Approximating Euclidean Shallow-Light Trees
Hung Le, Shay Solomon, Cuong Than, Csaba D. Tóth, Tianyi Zhang
TL;DR
This work studies shallow-light trees (SLTs) in constant-dimensional Euclidean spaces, achieving improved bicriteria approximations for both Steiner and non-Steiner variants. The authors develop a novel tile- and net-based reduction framework that reduces global SLT construction to localized problems within trapezoidal tiles, leveraging ellipses and hitting-set ideas to bound root-stretch and total weight.
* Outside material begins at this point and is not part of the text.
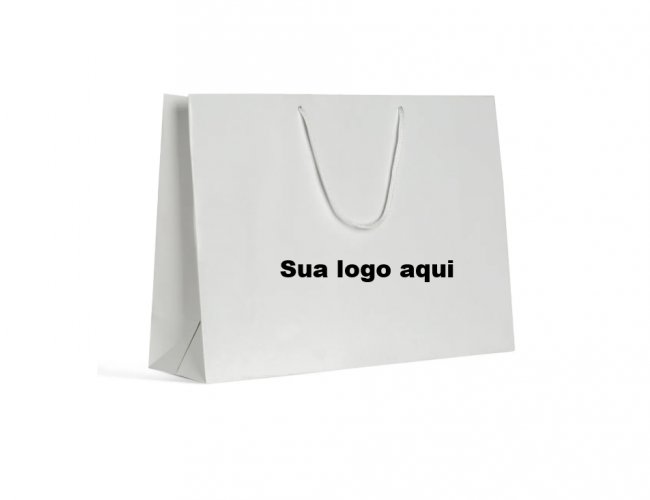 Sacola Off Set personalizada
They obtain two main results: a non-Steiner SLT with root-stretch 1+O(ε log ε^{-1}) and weight O(opt_ε log^2 ε^{-1}), and a Steiner SLT with the same stretch and weight O(opt_ε log ε^{-1}), both in near-linear time up to polylog factors, extendable to higher dimensions. The paper also analyzes limitations of prior existential bounds, provides lower-bound constructions, and discusses generalizations to d-space, highlighting the practical impact for Euclidean geometric networks, VLSI, and related optimization problems.
Abstract
For a weighted graph $G = (V, E, w)$ and a designated source vertex $s \in V$, a spanning tree that simultaneously approximates a shortest-path tree w.r.t. source $s$ and a minimum spanning tree is called a shallow-light tree (SLT). Specifically, an $(α, β)$-SLT of $G$ w.r.t. $s \in V$ is a spanning tree of $G$ with root-stretch $α$ (preserving all distances between $s$ and the other vertices up to a factor of $α$) and lightness $β$ (its weight is at most $β$ times the weight of a minimum spanning tree of $G$). Despite the large body of work on SLTs, the basic question of whether a better approximation algorithm exists was left untouched to date, and this holds in any graph family. This paper makes a first nontrivial step towards this question by presenting two bicriteria approximation algorithms. For any $ε>0$, a set $P$ of $n$ points in constant-dimensional Euclidean space and a source $s\in P$, our first (respectively, second) algorithm returns, in $O(n \log n \cdot {\rm polylog}(1/ε))$ time, a non-Steiner (resp., Steiner) tree with root-stretch $1+O(ε\log ε^{-1})$ and weight at most $O(\mathrm{opt}_ε\cdot \log^2 ε^{-1})$ (resp., $O(\mathrm{opt}_ε\cdot \log ε^{-1})$), where $\mathrm{opt}_ε$ denotes the minimum weight of a non-Steiner (resp., Steiner) tree with root-stretch $1+ε$.